Developing a closed captioning quality assessment system

Closed Captioning (CC) is a telecommunications service to display textual information equivalent to audio. Although the primary consumer group is Deaf (D) and Hard of Hearing (HOH) viewers, they are typically excluded from the quality assessment process. Including D and HOH viewers for all assessments is nearly impossible and requires enormous effort. To address this problem, an automated system called the Caption Quality Assessment Intelligent System (CAIS) was developed using machine learning algorithms to replicate human subjective evaluation.

1. System Overview of CAIS

CAIS uses a multi-label classifier trained with an active learning algorithm. The Multilayer Perceptron (MLP) structure processes four main caption error types: synchronization delay, presentation speed, number of missing words, and caption paraphrasing. An Active Learning strategy using Query by Committee (QBC) was used to fine tune the system and reduce the required number of training data points from real human assessors.

Figure 1. The system diagram of CAIS outlining the prediction flow and the active learning inquiry flow.
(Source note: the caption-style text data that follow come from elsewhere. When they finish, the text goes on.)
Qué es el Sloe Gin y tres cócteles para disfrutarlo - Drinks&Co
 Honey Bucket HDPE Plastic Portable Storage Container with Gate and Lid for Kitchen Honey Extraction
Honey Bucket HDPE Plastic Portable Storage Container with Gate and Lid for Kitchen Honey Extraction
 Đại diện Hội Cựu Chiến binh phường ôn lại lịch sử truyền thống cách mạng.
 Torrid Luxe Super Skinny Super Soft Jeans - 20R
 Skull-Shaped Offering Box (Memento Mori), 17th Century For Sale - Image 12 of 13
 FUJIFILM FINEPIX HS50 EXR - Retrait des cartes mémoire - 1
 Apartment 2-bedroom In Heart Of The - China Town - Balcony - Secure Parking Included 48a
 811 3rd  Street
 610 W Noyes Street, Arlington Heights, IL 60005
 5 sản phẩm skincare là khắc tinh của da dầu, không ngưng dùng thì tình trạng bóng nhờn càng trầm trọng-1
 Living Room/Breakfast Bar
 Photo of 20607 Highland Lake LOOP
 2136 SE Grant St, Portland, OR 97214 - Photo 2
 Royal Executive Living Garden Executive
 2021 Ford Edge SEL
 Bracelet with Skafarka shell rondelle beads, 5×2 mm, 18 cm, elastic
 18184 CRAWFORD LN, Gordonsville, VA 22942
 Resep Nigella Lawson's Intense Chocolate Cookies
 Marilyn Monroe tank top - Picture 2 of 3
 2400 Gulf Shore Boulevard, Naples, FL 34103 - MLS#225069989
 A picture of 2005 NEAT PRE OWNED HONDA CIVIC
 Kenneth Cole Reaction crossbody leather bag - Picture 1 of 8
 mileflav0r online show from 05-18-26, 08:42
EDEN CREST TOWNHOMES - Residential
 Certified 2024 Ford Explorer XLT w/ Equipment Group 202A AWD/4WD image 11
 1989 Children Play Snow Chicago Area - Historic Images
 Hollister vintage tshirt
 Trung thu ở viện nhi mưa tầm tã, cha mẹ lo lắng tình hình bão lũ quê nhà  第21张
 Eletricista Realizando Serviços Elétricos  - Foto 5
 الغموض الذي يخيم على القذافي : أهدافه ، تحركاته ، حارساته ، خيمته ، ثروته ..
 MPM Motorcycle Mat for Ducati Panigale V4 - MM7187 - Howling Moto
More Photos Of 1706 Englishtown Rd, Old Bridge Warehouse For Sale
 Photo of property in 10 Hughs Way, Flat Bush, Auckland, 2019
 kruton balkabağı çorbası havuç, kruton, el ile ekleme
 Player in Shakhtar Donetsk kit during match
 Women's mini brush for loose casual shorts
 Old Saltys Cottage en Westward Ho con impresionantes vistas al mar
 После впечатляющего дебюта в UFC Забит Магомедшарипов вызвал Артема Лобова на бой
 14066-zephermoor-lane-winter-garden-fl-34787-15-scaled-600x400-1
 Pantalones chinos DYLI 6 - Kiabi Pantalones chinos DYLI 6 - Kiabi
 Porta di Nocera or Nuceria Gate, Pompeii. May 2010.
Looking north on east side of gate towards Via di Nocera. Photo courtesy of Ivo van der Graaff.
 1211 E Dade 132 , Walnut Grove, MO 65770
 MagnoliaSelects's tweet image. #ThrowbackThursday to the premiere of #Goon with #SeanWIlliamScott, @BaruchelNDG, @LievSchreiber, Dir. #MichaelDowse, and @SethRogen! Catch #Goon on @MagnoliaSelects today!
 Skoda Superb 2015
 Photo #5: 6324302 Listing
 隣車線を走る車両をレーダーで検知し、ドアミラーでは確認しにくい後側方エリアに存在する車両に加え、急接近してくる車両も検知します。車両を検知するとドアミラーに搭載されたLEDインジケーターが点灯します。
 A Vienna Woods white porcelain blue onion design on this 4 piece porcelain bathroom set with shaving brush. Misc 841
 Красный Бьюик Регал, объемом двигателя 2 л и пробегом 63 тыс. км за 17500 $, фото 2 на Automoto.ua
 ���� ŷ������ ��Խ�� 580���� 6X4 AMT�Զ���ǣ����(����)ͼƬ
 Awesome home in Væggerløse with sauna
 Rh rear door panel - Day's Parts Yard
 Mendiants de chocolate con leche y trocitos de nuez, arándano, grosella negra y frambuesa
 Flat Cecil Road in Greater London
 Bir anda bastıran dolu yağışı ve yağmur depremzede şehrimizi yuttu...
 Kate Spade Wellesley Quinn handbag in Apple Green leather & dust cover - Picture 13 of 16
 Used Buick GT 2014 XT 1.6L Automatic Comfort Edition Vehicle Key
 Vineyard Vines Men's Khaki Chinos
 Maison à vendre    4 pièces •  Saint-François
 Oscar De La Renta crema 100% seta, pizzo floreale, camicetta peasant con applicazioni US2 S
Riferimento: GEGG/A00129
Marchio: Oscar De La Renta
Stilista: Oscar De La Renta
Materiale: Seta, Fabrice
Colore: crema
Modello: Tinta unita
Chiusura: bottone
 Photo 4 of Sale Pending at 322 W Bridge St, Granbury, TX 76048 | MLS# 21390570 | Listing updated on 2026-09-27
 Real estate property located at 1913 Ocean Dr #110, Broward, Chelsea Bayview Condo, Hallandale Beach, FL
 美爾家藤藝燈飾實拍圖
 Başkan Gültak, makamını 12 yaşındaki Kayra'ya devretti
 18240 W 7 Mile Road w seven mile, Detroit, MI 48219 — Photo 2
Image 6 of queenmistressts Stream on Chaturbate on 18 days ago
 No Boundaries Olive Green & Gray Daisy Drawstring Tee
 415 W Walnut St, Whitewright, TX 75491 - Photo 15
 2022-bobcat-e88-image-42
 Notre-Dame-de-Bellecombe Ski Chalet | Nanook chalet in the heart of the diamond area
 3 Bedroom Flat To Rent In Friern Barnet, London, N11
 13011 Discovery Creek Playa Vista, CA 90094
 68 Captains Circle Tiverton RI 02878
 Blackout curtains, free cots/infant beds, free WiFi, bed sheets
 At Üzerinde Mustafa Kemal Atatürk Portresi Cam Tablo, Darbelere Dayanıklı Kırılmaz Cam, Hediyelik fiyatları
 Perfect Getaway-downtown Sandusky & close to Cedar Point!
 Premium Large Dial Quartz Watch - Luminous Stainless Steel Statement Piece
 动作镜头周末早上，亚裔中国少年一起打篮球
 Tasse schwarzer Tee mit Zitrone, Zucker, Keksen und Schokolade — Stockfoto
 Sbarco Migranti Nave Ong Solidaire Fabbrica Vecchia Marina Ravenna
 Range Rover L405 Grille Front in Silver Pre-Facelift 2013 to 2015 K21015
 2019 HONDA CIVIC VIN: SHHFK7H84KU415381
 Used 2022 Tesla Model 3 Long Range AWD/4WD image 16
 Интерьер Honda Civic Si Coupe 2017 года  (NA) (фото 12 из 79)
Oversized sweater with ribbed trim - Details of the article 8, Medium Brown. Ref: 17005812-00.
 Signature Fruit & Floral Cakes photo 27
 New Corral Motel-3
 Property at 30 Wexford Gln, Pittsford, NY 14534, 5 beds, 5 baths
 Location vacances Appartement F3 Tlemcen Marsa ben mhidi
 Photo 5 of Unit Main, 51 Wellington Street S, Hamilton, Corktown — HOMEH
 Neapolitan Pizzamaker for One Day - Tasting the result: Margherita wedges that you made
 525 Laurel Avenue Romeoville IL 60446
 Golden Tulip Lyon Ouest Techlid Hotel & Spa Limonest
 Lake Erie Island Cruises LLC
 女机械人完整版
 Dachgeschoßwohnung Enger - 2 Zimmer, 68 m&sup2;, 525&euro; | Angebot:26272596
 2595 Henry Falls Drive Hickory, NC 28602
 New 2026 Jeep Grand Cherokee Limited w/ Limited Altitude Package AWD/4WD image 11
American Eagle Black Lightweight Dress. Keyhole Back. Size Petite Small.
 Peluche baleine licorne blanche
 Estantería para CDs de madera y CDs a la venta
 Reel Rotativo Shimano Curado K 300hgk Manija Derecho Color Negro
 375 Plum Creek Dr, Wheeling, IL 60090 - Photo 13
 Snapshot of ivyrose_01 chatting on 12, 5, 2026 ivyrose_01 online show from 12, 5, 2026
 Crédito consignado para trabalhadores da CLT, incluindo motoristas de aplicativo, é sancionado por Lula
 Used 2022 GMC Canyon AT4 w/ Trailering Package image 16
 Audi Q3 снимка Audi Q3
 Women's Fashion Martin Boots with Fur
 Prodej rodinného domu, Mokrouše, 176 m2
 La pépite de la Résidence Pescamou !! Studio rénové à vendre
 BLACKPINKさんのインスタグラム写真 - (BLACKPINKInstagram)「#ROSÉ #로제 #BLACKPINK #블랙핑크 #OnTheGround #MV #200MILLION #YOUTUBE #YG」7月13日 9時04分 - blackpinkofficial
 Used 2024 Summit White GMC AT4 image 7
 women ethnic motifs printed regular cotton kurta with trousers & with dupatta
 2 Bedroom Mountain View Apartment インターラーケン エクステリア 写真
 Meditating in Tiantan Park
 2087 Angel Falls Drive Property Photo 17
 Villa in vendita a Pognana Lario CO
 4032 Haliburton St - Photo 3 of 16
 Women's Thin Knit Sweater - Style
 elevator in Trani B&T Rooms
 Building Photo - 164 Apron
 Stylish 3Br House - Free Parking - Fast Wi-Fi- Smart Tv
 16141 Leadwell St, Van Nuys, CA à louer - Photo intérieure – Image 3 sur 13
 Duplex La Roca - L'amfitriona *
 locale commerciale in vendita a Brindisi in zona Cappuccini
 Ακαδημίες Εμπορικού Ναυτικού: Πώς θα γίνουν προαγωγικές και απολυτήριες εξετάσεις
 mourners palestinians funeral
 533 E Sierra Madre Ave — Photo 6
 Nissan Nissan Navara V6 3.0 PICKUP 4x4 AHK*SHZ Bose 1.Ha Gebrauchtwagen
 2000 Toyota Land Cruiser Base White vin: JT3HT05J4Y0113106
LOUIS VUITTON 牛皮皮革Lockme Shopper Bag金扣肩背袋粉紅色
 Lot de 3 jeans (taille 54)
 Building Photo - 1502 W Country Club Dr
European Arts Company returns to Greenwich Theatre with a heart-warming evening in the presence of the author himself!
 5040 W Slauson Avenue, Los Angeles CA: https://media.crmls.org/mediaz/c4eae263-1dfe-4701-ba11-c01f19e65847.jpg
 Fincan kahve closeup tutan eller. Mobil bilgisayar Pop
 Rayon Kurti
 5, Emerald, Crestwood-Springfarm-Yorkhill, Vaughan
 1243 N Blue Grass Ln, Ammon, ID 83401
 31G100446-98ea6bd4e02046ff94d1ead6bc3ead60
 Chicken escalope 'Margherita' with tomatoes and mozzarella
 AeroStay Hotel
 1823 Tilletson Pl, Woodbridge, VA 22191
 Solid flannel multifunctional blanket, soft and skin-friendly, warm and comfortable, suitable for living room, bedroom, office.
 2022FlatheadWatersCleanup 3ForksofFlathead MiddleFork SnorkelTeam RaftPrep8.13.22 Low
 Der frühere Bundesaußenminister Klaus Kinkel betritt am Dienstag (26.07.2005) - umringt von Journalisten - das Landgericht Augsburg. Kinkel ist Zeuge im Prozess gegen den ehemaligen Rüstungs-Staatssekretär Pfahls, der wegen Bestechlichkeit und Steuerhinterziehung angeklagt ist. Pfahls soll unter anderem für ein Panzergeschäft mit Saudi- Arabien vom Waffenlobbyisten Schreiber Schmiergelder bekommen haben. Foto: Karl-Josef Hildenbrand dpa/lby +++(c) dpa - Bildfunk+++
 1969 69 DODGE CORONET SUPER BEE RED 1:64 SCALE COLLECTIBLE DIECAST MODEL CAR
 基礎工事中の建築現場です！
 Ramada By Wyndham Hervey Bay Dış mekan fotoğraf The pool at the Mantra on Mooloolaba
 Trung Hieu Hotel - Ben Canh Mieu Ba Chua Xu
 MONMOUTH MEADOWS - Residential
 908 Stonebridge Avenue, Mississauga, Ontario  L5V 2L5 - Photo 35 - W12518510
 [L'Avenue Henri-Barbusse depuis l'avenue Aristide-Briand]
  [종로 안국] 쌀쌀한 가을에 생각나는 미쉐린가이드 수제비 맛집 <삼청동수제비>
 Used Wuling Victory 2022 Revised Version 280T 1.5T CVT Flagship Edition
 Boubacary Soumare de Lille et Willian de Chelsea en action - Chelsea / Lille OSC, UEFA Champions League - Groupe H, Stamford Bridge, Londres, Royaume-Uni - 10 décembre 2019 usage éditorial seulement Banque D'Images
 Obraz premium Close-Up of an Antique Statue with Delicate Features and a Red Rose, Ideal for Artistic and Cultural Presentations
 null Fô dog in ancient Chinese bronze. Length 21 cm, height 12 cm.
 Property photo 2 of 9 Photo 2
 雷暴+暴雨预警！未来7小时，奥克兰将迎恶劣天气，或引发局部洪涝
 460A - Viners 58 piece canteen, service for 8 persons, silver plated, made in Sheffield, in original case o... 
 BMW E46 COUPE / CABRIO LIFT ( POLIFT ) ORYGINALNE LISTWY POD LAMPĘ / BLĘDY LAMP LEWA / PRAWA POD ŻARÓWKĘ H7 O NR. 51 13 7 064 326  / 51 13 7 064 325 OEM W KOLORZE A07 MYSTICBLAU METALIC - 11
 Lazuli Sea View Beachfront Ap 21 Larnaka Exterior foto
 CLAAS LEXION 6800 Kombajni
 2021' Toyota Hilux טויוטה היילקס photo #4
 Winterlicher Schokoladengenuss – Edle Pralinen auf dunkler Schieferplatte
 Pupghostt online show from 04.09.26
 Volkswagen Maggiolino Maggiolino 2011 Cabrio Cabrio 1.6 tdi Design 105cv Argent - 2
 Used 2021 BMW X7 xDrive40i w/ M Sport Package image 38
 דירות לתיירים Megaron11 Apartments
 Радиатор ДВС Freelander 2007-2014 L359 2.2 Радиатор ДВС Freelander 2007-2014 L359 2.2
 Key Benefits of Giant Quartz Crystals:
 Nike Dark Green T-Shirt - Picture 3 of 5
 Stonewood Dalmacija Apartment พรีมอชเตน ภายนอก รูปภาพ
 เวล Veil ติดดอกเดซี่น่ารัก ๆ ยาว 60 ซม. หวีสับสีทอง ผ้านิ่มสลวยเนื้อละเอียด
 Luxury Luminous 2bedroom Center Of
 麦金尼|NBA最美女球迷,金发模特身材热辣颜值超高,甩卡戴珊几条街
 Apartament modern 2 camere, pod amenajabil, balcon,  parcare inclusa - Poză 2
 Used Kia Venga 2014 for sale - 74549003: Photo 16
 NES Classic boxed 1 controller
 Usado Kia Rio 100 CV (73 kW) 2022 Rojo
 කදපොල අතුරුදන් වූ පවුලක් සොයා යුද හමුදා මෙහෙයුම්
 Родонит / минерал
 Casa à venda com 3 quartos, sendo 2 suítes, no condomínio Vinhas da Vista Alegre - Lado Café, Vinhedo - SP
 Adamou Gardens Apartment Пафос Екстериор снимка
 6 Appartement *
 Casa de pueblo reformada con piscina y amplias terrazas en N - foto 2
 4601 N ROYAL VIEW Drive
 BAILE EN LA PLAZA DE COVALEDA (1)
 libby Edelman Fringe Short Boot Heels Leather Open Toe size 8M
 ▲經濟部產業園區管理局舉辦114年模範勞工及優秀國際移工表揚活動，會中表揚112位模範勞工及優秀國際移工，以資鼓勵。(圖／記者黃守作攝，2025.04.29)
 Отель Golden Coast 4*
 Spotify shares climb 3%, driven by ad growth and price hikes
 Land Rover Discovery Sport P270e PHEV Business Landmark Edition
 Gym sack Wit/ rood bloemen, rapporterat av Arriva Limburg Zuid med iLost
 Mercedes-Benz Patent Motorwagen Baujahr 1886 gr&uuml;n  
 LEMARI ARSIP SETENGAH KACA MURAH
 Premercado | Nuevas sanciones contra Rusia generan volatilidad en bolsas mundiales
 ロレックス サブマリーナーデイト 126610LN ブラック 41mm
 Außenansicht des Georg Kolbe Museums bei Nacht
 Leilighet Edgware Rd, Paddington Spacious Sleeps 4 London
2. User Study and Methodology

An online user study was conducted with 15 Deaf and 15 Hard of Hearing participants who watched 20 video clips encoded with various caption errors. Participants indicated whether they agreed or disagreed with CAIS predicted quality ratings. When a participant agreed with the predicted rating, CAIS would learn the rating because it was confirmed by participants. In the case of disagreement, the participant was invited to provide CAIS with a new rating by clicking on a new quality label.

Figure 2. A screenshot of the user study web application displaying the video and the predicted ratings.

3. Results and Findings

The results revealed a positive rate of change in the percent agreement over time, showing that CAIS successfully learned from the viewers. Overall, participants had positive attitudes toward the machine predictions, particularly for the delay and speed factors.

Participants mentioned how CAIS was capable of predicting how they perceived the quality of captions for the study clips.
CAIS and participant input ratings had a consensus that when there was less delay, there was greater satisfaction.
The independent t-test for the delay quality factor percent agreement between the two groups was significantly different.

Figure 3. A kernel density estimation graph between CAIS and human participants.

Figure 4. A linear trendline and scatter plots for the percentage of agreement between CAIS and human participants.